Encrypting files for a ransom
We detected a simple and straightforward attack involving the first Python-based ransomware targeting Jupyter notebooks. The threat actor manually accessed a misconfigured Jupyter notebook, opened a Python file, and copied a code into it. The code gets two arguments, encryption password and a path, from which it traverses over the server file system. In addition, there are two functions: the first goes over the file system, and the second encrypts everything and deletes any unencrypted files.
Advanced attack tools: Cobalt Strike
Cobalt Strike is a powerful commercial offensive security tool, originally developed for ethical hacking. In reality, it’s also used by cybercriminals. This framework offers many useful tools aimed at conducting network attacks, social engineering, and binary and code on-the-fly deployment mechanisms.
During our research, we’ve discovered an attack involving Cobalt Strike. The adversary accessed the server via Jupyter notebook and downloaded the file CrossC2-test, a small payload containing malware with backdoor capabilities that is hard to trace and detect.
In addition, another binary file was downloaded to /tmp, which is a packed Cobalt Strike payload (MD5= d9c9c6777932a6c627a9dd34e1932efb). Cobalt Strike is a powerful tool that attackers can use to gain backdoor access, explore the server, get root privileges, and more.
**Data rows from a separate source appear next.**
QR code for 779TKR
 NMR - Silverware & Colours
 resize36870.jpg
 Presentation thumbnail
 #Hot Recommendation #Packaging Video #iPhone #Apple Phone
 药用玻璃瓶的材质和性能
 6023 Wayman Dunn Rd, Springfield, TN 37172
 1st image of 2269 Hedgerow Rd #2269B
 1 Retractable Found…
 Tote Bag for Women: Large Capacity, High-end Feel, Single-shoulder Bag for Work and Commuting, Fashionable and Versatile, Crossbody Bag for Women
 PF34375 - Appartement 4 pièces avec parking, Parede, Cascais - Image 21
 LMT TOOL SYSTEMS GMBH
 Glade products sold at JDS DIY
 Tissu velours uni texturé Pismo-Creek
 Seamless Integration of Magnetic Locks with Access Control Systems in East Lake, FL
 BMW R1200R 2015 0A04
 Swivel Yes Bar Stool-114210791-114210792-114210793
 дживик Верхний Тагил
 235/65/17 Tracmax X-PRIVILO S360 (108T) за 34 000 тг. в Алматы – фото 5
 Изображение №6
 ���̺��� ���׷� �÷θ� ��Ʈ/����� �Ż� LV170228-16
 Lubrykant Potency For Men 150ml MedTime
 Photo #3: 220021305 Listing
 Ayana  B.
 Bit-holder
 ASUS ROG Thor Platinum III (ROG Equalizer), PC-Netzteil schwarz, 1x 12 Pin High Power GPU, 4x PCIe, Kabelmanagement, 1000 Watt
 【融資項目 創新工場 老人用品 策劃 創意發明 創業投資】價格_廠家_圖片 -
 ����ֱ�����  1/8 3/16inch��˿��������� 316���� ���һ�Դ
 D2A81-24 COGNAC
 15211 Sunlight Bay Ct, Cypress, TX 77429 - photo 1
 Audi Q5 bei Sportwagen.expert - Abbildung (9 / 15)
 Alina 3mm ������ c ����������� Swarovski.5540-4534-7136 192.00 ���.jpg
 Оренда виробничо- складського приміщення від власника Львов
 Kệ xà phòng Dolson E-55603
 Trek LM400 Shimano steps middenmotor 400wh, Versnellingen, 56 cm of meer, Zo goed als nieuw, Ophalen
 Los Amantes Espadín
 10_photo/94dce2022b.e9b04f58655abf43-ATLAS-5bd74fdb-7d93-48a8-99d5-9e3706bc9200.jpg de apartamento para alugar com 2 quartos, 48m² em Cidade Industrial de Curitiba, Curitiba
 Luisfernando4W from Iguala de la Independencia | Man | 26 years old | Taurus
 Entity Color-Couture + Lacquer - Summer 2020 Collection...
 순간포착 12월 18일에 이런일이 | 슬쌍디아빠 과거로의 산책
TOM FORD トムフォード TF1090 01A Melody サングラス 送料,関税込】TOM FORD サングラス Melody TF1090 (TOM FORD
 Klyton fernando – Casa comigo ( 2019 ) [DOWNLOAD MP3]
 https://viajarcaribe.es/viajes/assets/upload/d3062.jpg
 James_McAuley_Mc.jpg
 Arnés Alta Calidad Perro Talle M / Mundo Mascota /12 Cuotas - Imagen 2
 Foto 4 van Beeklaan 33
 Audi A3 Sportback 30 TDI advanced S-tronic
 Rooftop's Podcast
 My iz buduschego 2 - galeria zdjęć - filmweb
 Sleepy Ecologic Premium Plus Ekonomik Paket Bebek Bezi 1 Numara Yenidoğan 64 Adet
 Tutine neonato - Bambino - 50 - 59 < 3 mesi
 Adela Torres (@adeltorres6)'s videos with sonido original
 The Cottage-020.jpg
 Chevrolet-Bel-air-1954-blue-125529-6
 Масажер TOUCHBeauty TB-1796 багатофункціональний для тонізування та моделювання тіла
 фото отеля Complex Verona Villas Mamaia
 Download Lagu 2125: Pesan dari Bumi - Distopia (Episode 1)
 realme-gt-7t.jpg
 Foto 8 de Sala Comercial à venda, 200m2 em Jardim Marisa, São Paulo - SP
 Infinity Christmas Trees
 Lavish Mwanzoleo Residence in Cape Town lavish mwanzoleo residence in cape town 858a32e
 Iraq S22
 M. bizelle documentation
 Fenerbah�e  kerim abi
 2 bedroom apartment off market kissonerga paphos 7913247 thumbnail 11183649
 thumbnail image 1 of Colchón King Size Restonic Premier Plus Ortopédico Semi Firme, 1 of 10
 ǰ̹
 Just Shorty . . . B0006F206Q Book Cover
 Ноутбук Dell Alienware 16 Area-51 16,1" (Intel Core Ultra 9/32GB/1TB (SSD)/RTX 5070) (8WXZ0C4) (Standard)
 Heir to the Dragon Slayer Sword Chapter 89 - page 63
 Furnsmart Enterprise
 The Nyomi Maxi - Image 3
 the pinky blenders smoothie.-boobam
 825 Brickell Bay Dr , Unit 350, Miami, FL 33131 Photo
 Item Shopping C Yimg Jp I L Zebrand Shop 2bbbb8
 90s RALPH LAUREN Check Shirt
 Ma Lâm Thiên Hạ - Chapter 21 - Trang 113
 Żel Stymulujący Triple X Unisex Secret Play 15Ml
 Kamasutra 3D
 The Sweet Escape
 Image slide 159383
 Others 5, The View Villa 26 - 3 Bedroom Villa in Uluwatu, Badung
Exploiting vulnerabilities to gain higher privileges
In another case, we’ve seen an attempt to exploit two recent vulnerabilities for privilege escalation. By compromising an exposed Jupyter notebook, the attackers gained access to the server and actively attempted to elevate the privileges to root. Then, they used exploits from GitHub to take advantage of the sudoedit vulnerability (CVE-2021-3165) and the Dirty Pipe vulnerability (CVE-2022-0847).
Attackers seek root privileges on the server to achieve more control over the target environment and expand the blast radius of an attack. To the best of our knowledge, this is the first-ever exploitation of the Dirty Pipe vulnerability seen in the wild.
Reverse shell attacks
We’ve seen attacks that include the launch of a new notebook and running commands that create a reverse shell to the host:
JupyterLab is a web-based interactive development environment for notebooks, code, and data. It provides access to the Linux terminal and Jupyter Notebook.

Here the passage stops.